In jener Nacht geschah mindestens einem weiteren DVU-Beirat, dem Klöckner-Arbeiter Hans-Herbert Beyer in Walle Ähnliches. Wochen vorher war bereits auf die Wohnung des Huchtinger DVU-Spitzenkandidates Kurt Wolter ein mißglückter Brandanschlag verübt worden. Im Gegensatz zu diesen DVU-Vertretern will Frau M. jedoch ihr Mandat nicht zurückgeben: „Ich habe keinen Mann und kein Kind, die mir sagen: Laß das! Und ich will den übrigen Beiräten nicht den Mut nehmen.“ Sie wolle damit jedoch auf keinen Fall zu verstehen geben, die zurückgetretenen DVU-Beiräte seien „Memmen“.

Frau M. über Frau M.: „Ich bin eine handfeste Frau. Ich war über vierzig Jahre Krankenschwester.“

Im Gegensatz zu anderen DVU-Vertretern hatte Frau M. die gewaltsamen Vorkommnisse dem Beirat bewußt nicht mitgeteilt, sie habe „damit keine Propaganda machen“ wollen. Mehr zufällig hatte Ortsamtsleiter Arnold Müller davon vorgestern erfahren und eine „einstimmige Erklärung des Beirates Vahr“ gegen die „massiven Bedrohungen“ veranlaßt.

Das öffentliche Anprangern als „Faschistin“ war für Frau M. viel schockierender als das beschädigte Auto: „Jeder, der vorbeiging, konnte es lesen.“ Frau M. selbst versteht sich ganz und gar nicht als „Faschistin“. Sie gibt sich vielmehr als Anhängerin des untergegangenen Habsburger Reiches zu erkennen: Um den Hals trägt sie ein Medaillon von Kaiser Franz-Joseph. Sie ist in Prag geboren, ihr Deutsch ist durch einen tschechischen Akzent gefärbt.

Zur DVU will sie sich zunächst gar nicht äußern. Dann sagt sie: „Mein Mann und ich sind der CDU lange, lange sehr nahe gestanden.
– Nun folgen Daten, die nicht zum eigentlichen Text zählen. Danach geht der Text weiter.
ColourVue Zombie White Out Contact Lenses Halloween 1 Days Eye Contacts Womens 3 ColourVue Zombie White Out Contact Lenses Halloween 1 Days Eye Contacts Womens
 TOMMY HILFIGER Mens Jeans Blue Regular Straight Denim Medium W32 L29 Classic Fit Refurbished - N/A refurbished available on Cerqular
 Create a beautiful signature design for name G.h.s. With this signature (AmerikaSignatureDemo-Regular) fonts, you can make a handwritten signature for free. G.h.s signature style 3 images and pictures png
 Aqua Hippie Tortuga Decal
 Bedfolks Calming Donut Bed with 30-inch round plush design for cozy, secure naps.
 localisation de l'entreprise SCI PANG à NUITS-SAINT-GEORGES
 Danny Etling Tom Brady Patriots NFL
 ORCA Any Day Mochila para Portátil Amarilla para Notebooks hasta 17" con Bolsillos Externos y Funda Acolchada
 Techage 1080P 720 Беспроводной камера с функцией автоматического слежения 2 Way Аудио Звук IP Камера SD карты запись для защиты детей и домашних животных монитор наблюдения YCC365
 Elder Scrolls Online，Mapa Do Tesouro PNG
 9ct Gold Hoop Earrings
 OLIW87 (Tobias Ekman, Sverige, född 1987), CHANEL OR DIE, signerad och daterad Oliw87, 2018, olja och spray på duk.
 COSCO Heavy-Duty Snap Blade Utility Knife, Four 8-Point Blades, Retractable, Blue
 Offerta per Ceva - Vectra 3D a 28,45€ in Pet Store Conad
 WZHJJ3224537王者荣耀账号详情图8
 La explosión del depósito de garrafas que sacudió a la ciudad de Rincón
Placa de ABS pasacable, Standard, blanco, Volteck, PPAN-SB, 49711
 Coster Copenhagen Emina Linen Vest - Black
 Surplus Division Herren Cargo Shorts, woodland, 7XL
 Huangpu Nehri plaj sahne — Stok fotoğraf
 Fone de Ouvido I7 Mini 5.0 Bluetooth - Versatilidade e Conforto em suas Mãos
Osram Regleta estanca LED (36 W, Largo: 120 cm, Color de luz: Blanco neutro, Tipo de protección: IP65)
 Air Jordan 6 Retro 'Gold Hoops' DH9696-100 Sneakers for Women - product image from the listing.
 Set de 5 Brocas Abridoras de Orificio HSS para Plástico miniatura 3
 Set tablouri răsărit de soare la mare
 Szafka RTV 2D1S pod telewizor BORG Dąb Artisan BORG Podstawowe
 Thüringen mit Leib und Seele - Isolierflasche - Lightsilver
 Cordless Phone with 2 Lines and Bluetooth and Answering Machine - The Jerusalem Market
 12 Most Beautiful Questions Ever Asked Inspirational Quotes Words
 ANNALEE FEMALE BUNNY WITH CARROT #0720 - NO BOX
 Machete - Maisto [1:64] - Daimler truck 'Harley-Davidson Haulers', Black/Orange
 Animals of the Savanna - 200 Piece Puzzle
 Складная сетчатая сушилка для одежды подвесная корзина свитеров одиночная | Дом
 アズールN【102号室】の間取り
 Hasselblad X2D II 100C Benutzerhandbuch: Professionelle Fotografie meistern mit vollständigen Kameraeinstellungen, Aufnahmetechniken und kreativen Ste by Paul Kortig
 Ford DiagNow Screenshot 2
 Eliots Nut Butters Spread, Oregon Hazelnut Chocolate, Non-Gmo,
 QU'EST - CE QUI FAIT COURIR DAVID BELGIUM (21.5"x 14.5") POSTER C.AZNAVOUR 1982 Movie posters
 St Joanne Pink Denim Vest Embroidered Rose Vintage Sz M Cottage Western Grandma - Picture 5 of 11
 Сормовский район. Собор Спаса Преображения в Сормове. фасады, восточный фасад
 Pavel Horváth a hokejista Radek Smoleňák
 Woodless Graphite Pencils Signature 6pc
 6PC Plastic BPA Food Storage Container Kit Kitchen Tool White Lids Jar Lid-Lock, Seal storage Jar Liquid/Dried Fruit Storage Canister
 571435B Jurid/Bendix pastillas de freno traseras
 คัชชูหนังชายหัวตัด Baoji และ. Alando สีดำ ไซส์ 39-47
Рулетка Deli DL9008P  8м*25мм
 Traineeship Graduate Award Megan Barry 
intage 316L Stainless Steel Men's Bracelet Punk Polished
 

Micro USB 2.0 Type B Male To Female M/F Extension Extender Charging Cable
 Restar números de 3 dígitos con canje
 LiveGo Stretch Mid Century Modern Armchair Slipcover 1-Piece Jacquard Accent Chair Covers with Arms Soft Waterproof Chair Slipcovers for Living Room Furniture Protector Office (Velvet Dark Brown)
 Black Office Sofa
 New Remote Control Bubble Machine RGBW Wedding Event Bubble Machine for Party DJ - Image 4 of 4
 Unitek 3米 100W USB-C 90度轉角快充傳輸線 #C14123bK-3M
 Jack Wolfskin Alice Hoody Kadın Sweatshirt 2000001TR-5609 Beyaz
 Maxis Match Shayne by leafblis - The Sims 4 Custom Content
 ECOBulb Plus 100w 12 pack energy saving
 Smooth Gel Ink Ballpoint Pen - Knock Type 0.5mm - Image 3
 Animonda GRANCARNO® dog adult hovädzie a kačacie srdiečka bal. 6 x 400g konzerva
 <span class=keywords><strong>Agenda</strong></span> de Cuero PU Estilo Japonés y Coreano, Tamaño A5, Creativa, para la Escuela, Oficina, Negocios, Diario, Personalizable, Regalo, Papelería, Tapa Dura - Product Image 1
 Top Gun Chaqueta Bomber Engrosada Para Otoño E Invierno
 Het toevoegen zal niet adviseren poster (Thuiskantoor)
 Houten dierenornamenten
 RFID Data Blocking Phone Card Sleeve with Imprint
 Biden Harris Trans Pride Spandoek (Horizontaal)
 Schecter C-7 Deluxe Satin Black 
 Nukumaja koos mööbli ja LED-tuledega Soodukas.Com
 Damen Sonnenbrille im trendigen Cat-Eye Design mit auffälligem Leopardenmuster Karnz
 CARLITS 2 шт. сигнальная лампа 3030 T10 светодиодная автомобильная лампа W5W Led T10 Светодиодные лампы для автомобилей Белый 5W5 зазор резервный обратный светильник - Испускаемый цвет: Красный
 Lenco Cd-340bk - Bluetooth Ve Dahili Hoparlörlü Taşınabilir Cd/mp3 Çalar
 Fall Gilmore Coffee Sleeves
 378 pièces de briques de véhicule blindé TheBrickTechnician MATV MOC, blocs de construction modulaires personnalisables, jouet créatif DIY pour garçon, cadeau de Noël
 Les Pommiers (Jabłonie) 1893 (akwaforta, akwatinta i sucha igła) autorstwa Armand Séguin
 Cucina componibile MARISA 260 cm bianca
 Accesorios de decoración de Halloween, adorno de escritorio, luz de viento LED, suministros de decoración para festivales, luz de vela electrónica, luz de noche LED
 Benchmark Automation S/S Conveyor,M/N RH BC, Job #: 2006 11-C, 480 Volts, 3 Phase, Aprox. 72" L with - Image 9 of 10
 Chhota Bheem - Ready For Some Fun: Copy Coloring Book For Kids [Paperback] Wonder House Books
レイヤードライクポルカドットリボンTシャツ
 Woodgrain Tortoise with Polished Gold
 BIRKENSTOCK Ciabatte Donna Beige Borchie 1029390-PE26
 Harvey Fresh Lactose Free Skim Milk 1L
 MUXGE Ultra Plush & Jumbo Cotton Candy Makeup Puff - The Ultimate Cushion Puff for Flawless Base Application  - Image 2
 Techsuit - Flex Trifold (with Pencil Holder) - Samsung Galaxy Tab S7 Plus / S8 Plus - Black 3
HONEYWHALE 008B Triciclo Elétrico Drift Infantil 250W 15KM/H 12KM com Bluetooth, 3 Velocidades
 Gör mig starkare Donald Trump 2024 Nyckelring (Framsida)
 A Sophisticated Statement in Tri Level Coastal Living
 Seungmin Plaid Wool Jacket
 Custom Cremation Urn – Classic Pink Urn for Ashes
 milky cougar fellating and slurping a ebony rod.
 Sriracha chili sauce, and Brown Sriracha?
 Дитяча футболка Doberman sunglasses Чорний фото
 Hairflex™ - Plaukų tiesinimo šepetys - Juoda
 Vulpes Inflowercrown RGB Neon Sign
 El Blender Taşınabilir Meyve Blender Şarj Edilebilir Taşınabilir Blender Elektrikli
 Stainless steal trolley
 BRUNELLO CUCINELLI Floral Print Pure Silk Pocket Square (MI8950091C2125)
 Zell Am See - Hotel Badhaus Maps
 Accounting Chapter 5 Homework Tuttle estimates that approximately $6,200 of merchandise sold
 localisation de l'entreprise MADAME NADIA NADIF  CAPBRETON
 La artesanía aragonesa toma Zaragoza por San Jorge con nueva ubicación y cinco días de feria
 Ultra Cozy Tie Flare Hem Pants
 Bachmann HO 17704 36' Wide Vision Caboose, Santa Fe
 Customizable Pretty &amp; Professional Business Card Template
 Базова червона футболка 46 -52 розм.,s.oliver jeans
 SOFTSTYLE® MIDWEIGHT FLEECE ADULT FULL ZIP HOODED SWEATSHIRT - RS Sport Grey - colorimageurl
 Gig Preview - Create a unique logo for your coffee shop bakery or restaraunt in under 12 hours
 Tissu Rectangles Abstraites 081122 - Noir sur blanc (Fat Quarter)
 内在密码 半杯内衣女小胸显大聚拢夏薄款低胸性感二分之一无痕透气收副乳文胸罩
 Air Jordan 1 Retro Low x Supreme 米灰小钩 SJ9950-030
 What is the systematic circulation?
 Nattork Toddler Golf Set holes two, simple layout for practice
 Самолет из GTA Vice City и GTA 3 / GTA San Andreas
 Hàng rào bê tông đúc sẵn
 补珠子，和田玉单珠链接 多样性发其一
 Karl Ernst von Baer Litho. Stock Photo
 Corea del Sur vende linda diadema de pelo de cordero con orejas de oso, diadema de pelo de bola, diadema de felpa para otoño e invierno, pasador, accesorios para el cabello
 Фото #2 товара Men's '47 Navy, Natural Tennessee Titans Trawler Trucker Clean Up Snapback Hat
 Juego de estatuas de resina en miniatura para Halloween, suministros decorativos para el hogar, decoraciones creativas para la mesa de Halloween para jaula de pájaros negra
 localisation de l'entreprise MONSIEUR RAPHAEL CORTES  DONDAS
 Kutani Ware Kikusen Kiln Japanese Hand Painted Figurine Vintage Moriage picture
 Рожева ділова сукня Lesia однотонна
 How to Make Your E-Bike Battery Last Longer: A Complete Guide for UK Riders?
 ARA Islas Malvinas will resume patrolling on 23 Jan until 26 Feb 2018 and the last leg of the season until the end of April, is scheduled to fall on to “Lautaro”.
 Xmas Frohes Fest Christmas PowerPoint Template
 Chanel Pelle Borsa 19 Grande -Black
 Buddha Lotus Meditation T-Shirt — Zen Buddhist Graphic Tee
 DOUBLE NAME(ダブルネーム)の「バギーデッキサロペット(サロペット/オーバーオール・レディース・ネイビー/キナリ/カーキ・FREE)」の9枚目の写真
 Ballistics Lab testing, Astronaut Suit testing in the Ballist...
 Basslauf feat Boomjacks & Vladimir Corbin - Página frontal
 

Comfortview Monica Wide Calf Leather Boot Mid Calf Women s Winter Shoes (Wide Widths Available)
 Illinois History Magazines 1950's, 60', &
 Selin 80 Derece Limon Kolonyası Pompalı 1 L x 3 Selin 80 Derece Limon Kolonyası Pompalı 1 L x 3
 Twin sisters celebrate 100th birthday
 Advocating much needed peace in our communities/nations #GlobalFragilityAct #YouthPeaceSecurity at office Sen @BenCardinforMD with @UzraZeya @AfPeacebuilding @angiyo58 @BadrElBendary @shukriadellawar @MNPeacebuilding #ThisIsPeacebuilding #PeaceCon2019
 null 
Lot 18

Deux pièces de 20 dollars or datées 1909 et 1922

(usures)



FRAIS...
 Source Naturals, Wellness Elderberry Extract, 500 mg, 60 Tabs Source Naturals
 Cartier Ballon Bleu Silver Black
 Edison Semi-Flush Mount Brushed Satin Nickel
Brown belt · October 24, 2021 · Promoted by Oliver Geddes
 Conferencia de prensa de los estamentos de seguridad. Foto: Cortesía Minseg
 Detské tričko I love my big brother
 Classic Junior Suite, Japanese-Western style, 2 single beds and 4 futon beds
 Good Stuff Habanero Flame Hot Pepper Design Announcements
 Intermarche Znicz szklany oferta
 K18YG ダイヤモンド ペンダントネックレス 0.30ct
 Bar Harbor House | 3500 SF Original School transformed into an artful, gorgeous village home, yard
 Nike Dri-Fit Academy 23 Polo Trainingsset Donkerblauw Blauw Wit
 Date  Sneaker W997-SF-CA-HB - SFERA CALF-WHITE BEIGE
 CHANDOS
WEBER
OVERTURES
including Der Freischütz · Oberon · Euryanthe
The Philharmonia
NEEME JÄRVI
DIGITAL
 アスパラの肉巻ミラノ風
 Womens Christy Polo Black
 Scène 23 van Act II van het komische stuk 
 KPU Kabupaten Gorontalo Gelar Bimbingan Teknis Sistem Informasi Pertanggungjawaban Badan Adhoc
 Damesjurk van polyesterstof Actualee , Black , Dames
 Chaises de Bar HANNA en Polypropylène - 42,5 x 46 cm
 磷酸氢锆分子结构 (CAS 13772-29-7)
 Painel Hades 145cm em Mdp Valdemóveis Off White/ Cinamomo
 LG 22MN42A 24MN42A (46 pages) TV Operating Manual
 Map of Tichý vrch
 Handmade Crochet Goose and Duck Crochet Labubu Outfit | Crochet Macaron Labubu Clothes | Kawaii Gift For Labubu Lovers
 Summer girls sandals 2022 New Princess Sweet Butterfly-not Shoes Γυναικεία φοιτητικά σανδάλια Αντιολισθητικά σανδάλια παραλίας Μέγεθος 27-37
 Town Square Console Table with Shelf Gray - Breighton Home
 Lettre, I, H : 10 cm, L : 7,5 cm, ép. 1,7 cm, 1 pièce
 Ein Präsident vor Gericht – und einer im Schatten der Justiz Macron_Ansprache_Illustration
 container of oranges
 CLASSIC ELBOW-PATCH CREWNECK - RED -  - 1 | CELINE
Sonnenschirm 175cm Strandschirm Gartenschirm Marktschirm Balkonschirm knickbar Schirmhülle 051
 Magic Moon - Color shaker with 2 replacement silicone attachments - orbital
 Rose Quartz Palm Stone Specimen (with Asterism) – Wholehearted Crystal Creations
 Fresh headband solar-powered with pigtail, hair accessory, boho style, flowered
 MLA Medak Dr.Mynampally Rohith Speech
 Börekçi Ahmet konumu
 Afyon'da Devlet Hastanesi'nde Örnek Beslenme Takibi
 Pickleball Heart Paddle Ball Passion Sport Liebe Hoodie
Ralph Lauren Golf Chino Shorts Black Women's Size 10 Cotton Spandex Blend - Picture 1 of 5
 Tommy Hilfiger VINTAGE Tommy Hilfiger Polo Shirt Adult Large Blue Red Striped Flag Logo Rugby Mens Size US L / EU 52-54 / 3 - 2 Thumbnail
Aber diese Machenschaften, dieser Filz in den großen Parteien... Ich glaube, daß man als kleine Partei, die nicht korrupt ist, als Beirat etwas bewirken kann.“ Sie wolle etwas dagegen tun, daß die Vahr völlig verwaise, daß alle kleinen Läden dichtmachten, daß alte Menschen immer weniger zu Fuß erledigen könnten und seit der „Comet“- Markt weg sei, auch keine Lebensmittel mehr ins Haus gebracht bekommen könnten.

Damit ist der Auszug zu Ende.